Ritesh Uttamchandani argues that mobiles are the camera of the new generation

Published: May 16, 2019 12:17:23 PM IST
Updated: May 20, 2019 10:50:54 AM IST

Is mobile the future of photography?Sunday afternoon at Mahim beach: The banal is fascinating
Image: Ritesh Uttamchandani


‘Mobiles are the camera of the new generation’
In 2007, I stumbled upon and became part of an online forum called A Photo A Day (APAD). That’s how I got to know about these cool people who were pushing digital boundaries and making photos using mobile phones.

Click here to read the counterview by Chirodeep Chaudhuri

Then two things happened… first the Women’s World Cup cricket match at the Brabourne Stadium. I was working with a magazine and the focus of the story was on spectators. I shot the entire assignment on a Sony Ericsson phone. I overran the series with weird filters. It was a playful story; you had a petrol pump attendant all blue and a family with pink faces and so on.

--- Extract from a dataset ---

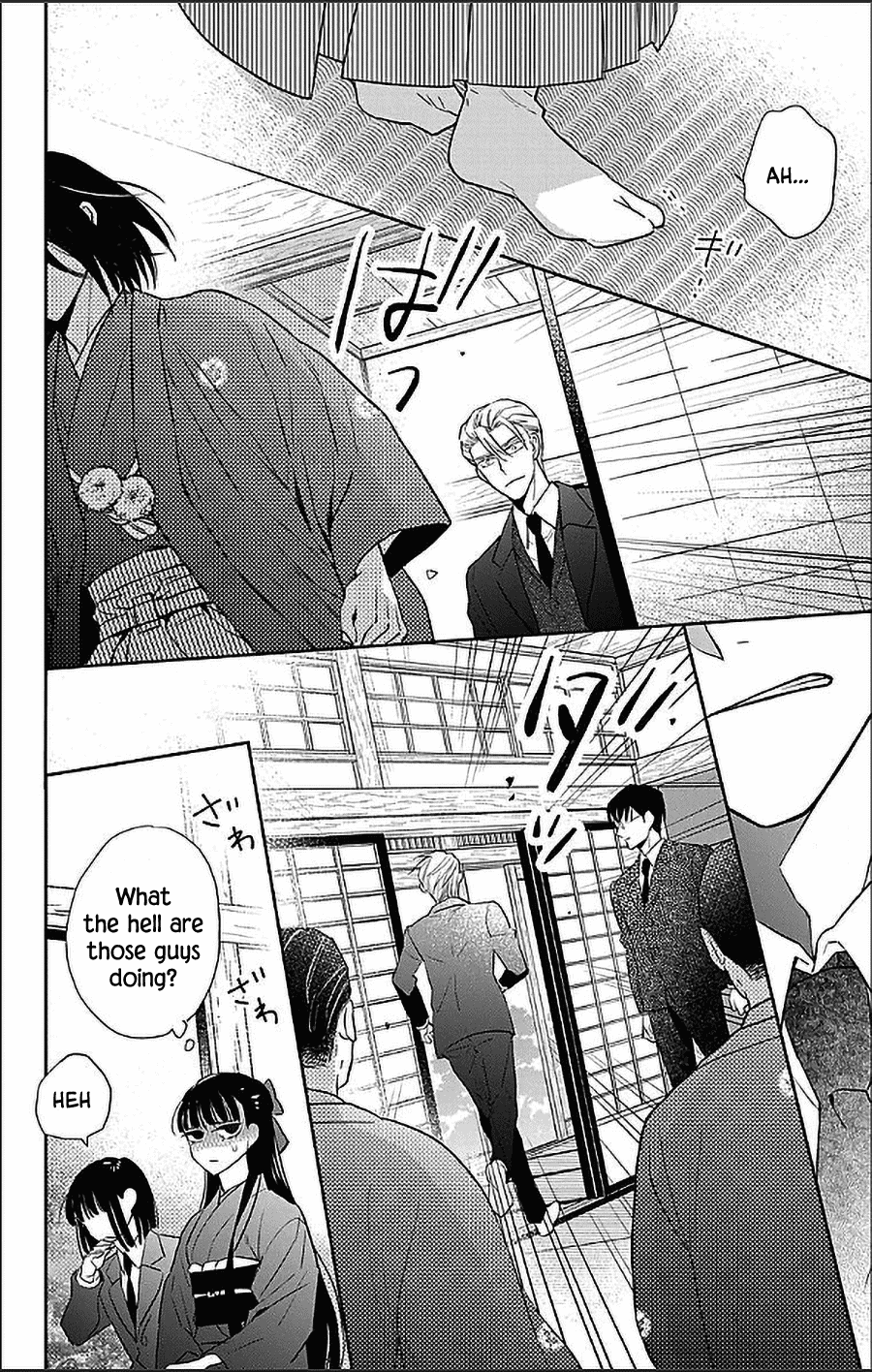 Tendou-ke Monogatari chapter 55 page 9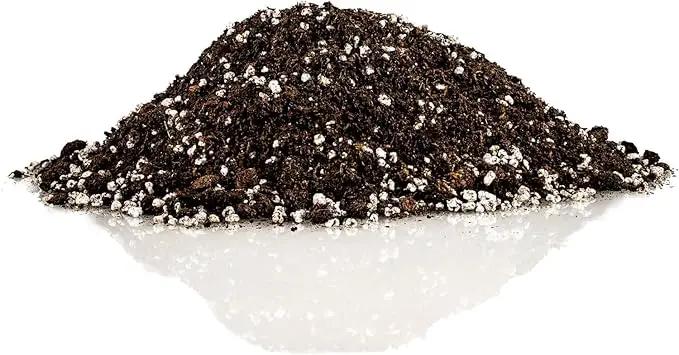Premium Jade Plant Potting Soil Mix - (4 Quart Bag) by GreenHaven Gardens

Second, a digital news platform and a photo-sharing app collaborated during the general elections in 2014 and approached me for a photo project. Fifteen photographers and I focussed on creating pictures with a phone to achieve consistency, shooting in square format which challenged and made us abandon the old ways of composing. The results were pathbreaking. The phone allowed us to be part of the political gathering and bridge the distance that a big camera brings. Though the exercise didn’t get much publicity in India, it was featured in numerous foreign publications. That’s when I knew that this is the camera of the new generation.

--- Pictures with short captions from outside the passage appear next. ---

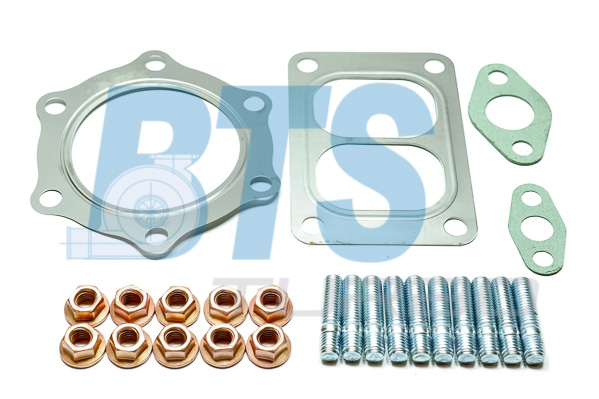 BTS Turbo Montagesatz, Lader Universal für RENAULT TRUCKS MWM DAF IVECO MERCEDES-BENZ MAN 5000678471 0165938 0028173056 T931020ABS Image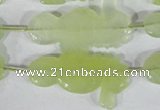 CFG514 15.5 inches 18*34mm carved animal New jade beads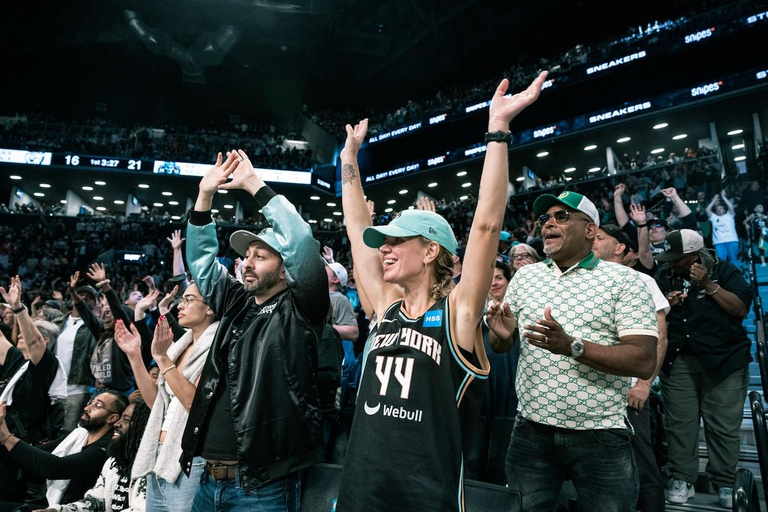 NYC: New York Liberty WNBA Game Ticket at Barclays Center 200 Level Seats: Liberty WNBA Game Ticket at Barclays Center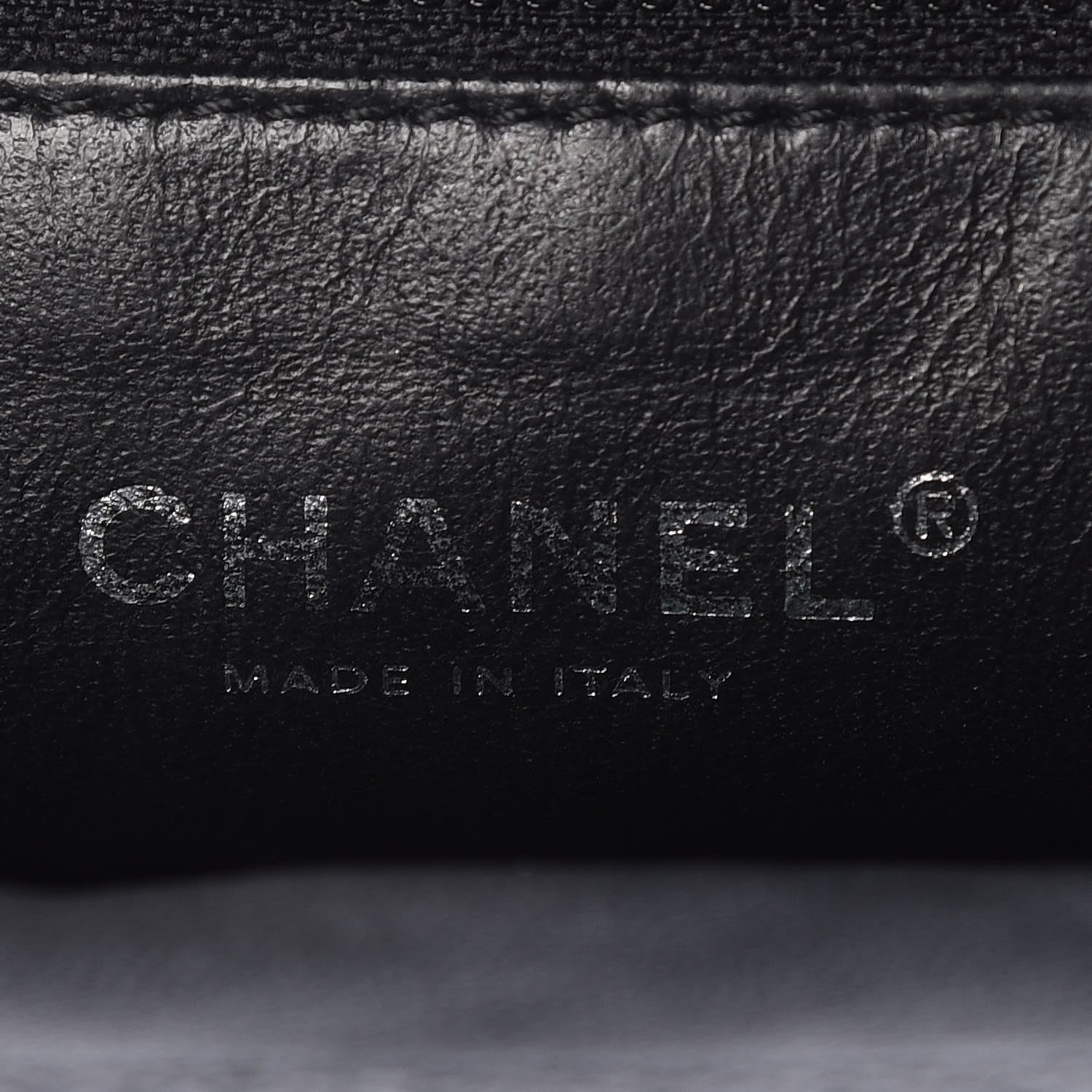 Chanel Caviar Quilted Timeless Clutch Black 8 of 11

 With a phone, I found that a lot of communication happens because one’s face is exposed while shooting. It is a remarkable shift. I made up my mind that if I were to do a book or project from now on, it had to be with a phone.

My core belief remains that if you are technically sound, you can become a better photographer, irrespective of your camera. I have a number of followers on Instagram who make prints of their phone photos and say ‘These didn’t turn out good’ and I tell them that’s because you don’t know what ‘good’ is. You have to go into the history of images, the evolution to arrive at that. One of the things about photography is that you can read different things into it. Even with supposedly “bad” photos, meanings can be drawn.

The fallout of technology is there will always be a fad, which will be replaced by another fad. The other fallout is that people have stopped questioning what a photograph means to them. When I look back at my family albums, there was a certain value to these occasions and an awareness of its importance. Now, with easy access, there is a lack of thinking about purpose and function and interpretation of an image.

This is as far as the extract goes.